I’m wondering what the best way would be to concatenate multiple CSV files – all of which contain the same header row (they are compatible) – into one CSV file.

I know I can do something like (taken from @c42f’s one-liner):

vcat(CSV.read.(file_names)...) |> CSV.write("one_big_file.csv")

But since I never need the data loaded, is there a faster way that avoids fully parsing the data…?

1 Like

See my answer here on removing the first line from a text file. Don’t parse the data, just copy it blindly to a new file, but skip the first (header) line for everything but the first file.

4 Likes

Very handy @stevengj ! But we still have the issue of merging all these files without loading them into memory, right @yakir12 ? What’s the best way to solve that?
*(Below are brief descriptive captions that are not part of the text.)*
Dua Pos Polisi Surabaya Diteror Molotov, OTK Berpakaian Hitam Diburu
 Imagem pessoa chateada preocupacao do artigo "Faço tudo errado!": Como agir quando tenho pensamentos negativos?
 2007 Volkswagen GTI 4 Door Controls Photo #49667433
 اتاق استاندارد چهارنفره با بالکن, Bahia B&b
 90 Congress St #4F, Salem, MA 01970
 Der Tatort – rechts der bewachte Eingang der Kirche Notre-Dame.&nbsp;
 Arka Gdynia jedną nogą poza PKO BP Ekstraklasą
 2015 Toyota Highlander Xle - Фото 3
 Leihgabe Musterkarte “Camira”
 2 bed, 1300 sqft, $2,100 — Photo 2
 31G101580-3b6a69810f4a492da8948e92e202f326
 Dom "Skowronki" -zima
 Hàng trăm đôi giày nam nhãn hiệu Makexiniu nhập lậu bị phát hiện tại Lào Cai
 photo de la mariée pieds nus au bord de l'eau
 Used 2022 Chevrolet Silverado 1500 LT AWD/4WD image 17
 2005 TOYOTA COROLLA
Steve’s nice solution using: Iterators.drop(eachline(input), 1) reads and writes the files line by line.

I have just tried it to merge two 47GB files and it seemed to work, taking ~10 min on my PC laptop.

After you read the first line to strip off the header, it will be a lot faster to read the file in chunks, as in this example: How to obtain the result of a diff between 2 files in a loop? - #4 by stevengj

1 Like

In the example linked, the chunks seem to be 32768 bytes long. Why this value?

It’s a power of 2 and a common size for L1 cache.

1 Like

Thanks Oscar.
In my laptop I see this:

L1_L2_L3_cache

Does it mean that I should use a chunk size = 2^18 = 262144 (< 320 KB)?

it probably will be a minor difference, but feel free to do some benchmarks…

1 Like

@Oscar_Smith, fyi, I’ve observed ~22% speed gains on my laptop (with L1 cache = 320 KB) when using a chunk size of 262_144 bytes instead of 32_768 bytes.

In any case, doing it by chunks seemed much faster than doing it line by line. The code used to merge 2 x 37 GB csv files was adapted from Steve’s original and is provided below.

Original code by @stevengj (adapted)
open("merge_two_37GB.csv", "w") do output
   isfirst = true
   for file in files
      open(file, "r") do input
         if isfirst
            println(output, readline(input))
            isfirst=false
         else
            readline(input)      # read repeated CSV header but
            println(output)      # print carriage return only
         end
         buf = Vector{UInt8}(undef, 262144)   # L1 cache: 262144 => 252 s; 32768 => 323 s
         while !eof(input)
            nb = readbytes!(input, buf)
            write(output, view(buf,1:nb))
         end
      end
   end
end
2 Likes

This approach worked like a charm!!! so fast! thanks!